◆ Data to examine:

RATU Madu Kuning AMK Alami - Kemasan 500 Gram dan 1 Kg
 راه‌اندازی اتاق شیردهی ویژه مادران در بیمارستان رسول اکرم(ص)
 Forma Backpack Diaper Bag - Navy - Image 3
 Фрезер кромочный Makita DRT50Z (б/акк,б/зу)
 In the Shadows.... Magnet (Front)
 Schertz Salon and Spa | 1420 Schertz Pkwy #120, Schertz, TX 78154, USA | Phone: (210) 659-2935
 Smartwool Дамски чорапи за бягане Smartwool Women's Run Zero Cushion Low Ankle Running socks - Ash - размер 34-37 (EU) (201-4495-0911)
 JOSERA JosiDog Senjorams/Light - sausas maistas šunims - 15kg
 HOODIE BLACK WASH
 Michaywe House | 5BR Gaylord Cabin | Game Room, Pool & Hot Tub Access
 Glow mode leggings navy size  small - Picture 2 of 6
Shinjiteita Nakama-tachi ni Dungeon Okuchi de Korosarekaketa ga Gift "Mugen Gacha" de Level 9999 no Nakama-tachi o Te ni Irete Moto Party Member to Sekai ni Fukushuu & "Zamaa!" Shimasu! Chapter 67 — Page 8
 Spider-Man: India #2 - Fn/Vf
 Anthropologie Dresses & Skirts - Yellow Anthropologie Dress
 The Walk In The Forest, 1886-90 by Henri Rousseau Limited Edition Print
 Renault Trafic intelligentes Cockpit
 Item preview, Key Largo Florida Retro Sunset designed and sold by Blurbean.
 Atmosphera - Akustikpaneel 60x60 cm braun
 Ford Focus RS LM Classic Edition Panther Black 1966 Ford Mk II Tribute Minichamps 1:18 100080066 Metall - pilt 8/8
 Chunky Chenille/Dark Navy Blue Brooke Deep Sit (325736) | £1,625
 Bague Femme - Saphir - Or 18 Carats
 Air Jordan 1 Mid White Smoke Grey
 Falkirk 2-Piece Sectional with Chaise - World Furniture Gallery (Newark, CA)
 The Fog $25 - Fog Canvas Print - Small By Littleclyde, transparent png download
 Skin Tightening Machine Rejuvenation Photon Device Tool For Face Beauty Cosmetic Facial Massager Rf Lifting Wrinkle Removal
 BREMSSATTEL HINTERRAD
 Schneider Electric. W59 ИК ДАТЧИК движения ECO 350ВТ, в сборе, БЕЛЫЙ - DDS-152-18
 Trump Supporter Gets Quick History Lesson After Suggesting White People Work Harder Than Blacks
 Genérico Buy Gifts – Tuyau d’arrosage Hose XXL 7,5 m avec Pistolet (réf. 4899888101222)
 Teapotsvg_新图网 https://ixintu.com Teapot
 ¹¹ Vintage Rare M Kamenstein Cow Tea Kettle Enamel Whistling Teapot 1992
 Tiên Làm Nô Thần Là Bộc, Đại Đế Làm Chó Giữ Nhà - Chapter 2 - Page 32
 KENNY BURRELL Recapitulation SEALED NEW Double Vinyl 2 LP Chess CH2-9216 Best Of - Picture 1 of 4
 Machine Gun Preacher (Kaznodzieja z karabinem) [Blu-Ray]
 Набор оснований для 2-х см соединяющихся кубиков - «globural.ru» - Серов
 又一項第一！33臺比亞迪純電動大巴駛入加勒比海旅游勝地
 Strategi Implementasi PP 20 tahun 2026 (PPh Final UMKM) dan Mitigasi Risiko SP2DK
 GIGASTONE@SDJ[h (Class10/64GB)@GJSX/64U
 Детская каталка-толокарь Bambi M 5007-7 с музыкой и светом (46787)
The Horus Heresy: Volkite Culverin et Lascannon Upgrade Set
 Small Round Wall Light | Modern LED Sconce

◆ Work task:
Word for word, repeat the line holding "Item preview, Key" and all lines after it through the end of the entries above.

◆ Problem solution:
 Item preview, Key Largo Florida Retro Sunset designed and sold by Blurbean.
 Atmosphera - Akustikpaneel 60x60 cm braun
 Ford Focus RS LM Classic Edition Panther Black 1966 Ford Mk II Tribute Minichamps 1:18 100080066 Metall - pilt 8/8
 Chunky Chenille/Dark Navy Blue Brooke Deep Sit (325736) | £1,625
 Bague Femme - Saphir - Or 18 Carats
 Air Jordan 1 Mid White Smoke Grey
 Falkirk 2-Piece Sectional with Chaise - World Furniture Gallery (Newark, CA)
 The Fog $25 - Fog Canvas Print - Small By Littleclyde, transparent png download
 Skin Tightening Machine Rejuvenation Photon Device Tool For Face Beauty Cosmetic Facial Massager Rf Lifting Wrinkle Removal
 BREMSSATTEL HINTERRAD
 Schneider Electric. W59 ИК ДАТЧИК движения ECO 350ВТ, в сборе, БЕЛЫЙ - DDS-152-18
 Trump Supporter Gets Quick History Lesson After Suggesting White People Work Harder Than Blacks
 Genérico Buy Gifts – Tuyau d’arrosage Hose XXL 7,5 m avec Pistolet (réf. 4899888101222)
 Teapotsvg_新图网 https://ixintu.com Teapot
 ¹¹ Vintage Rare M Kamenstein Cow Tea Kettle Enamel Whistling Teapot 1992
 Tiên Làm Nô Thần Là Bộc, Đại Đế Làm Chó Giữ Nhà - Chapter 2 - Page 32
 KENNY BURRELL Recapitulation SEALED NEW Double Vinyl 2 LP Chess CH2-9216 Best Of - Picture 1 of 4
 Machine Gun Preacher (Kaznodzieja z karabinem) [Blu-Ray]
 Набор оснований для 2-х см соединяющихся кубиков - «globural.ru» - Серов
 又一項第一！33臺比亞迪純電動大巴駛入加勒比海旅游勝地
 Strategi Implementasi PP 20 tahun 2026 (PPh Final UMKM) dan Mitigasi Risiko SP2DK
 GIGASTONE@SDJ[h (Class10/64GB)@GJSX/64U
 Детская каталка-толокарь Bambi M 5007-7 с музыкой и светом (46787)
The Horus Heresy: Volkite Culverin et Lascannon Upgrade Set
 Small Round Wall Light | Modern LED Sconce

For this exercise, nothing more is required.